Incidence of Oxa23 and Oxa51 Genes Associated with Bacterial Isolated from Patients with Urosepsis: Single Centre Prespective ()
1. Introduction
The most common isolated pathogens that cause urosepsis are Escherichia coli, followed by Proteus mirabilis, Enterobacter, Klebsiella pneumonia, Pseudomonas aeruginosa, and gram-positive bacteria [3] [4] [5]. These causative organisms are considered serious invaders which need urgent treatment and are classified into critical (including; P. aeruginosa, E. coli, P. mirabilis, K. pneumonia) and high (including; S. aureus) according to World Health Organization (WHO) [6]. The customary empirical usage of late-generation of cephalosporins yields unlimited development of bacterial resistance [7]. The majority of these strains acquired the capability to destroy the β-lactam ring [8] [9] [10] in cephalosporins. Therefore carbapenems were used as an effective alternative to the broad-spectrum antibiotic to treat these bacteria. However, organisms express resistance to carbapenems [11].
Globally; in the last decade strains that revealed resistance to carbapenemfell mainly in gram negative bacteria including; Acinetobacter baumannii and Pseudomonas aeruginosa by different mechanisms intrinsic or mediated by transferable carbapenemase-encoding genes [12] these mechanism includes; decreased membrane permeability, efflux pumps and an enzymatic resistance to carbapenems.
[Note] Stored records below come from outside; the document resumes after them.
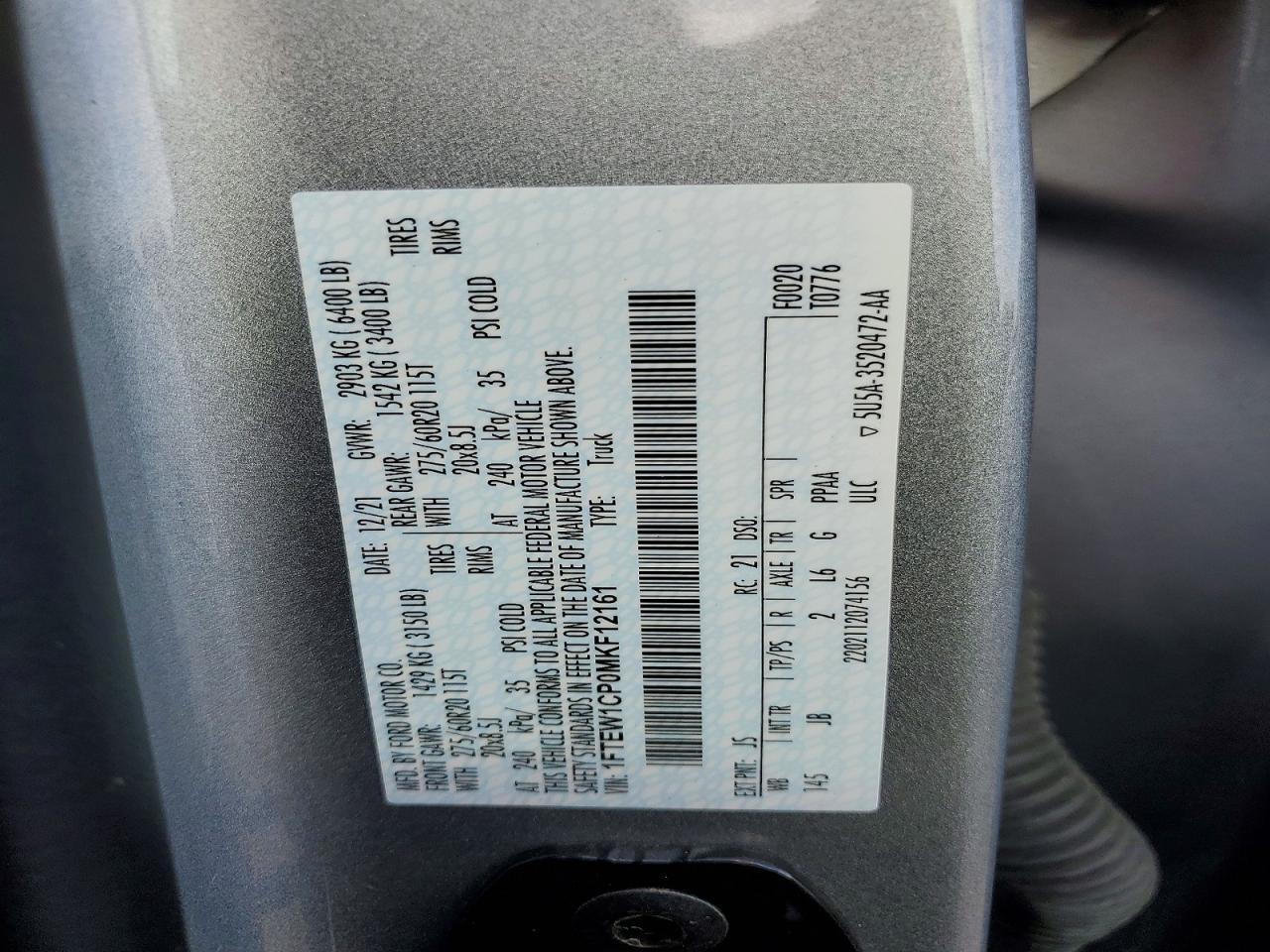 2021 Ford F150 Supercrew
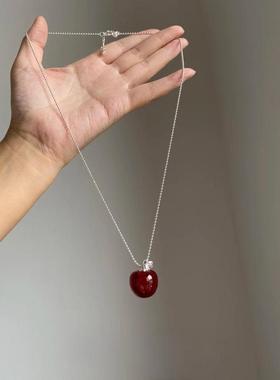 甜美彷红水晶苹果吊坠项链高级感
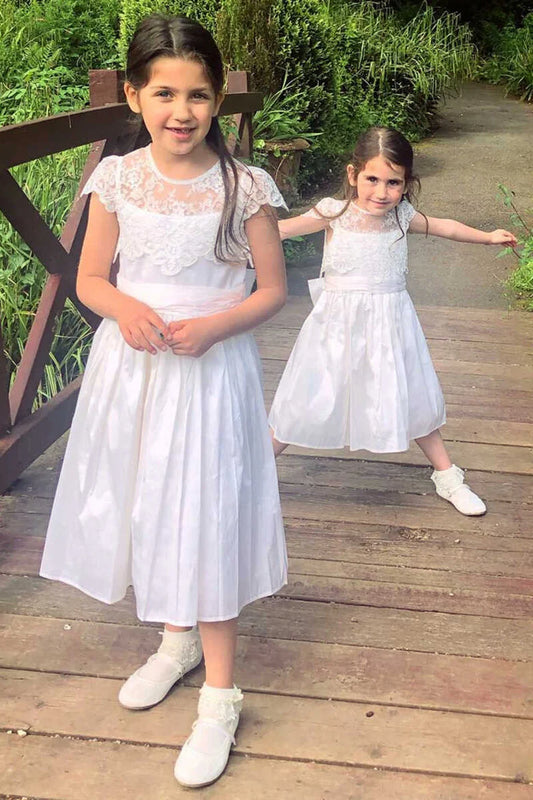 White Lace Cap Sleeve Bow Back Flower Girl Dress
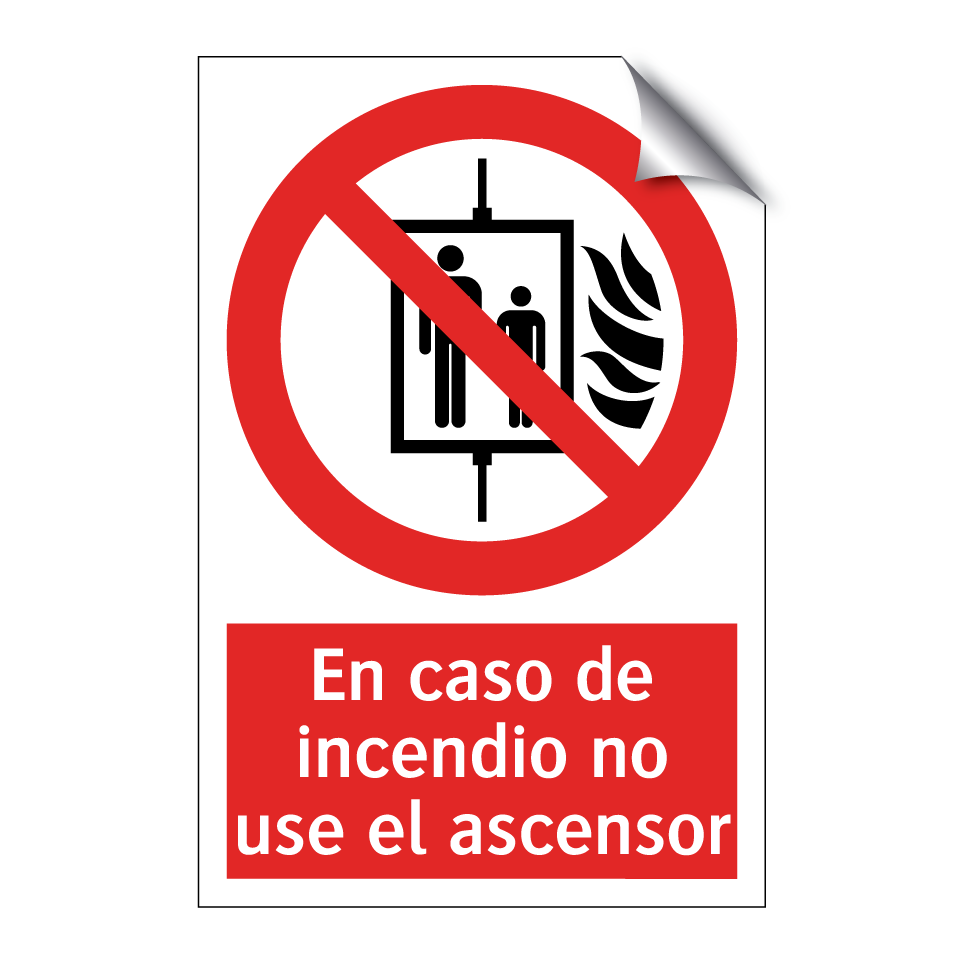 En caso de incendio no use el ascensor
Carbapenemase is enzymatically classified into Ambler class A, B and D based on amino acid homology [13] [14] [15]. Acquired class D β-lactamases, also known as oxacillin hydrolyzing enzymes (OXA) genes, structurally are different in amino acid from class A and C enzymes and are widely distributed among gram negatives rods. This resistance is mostly associated with class 1 integron or insertion sequences. These genes are characterized by important genetic diversity and great heterogeneity in terms of β-lactam hydrolysis spectrum [16]. This class contains various types of carbapenemase and generally cannot be deactivated by clavulanic acid, tazobactam, and sulbactam and it is including blaOXA-51, blaOXA-23, blaOXA-24/40, blaOXA-58, blaOXA-143, and blaOXA-235. Most of them are encoded by chromosomal genes with OXA-48 considered the most commonly detected [15] [17] [18].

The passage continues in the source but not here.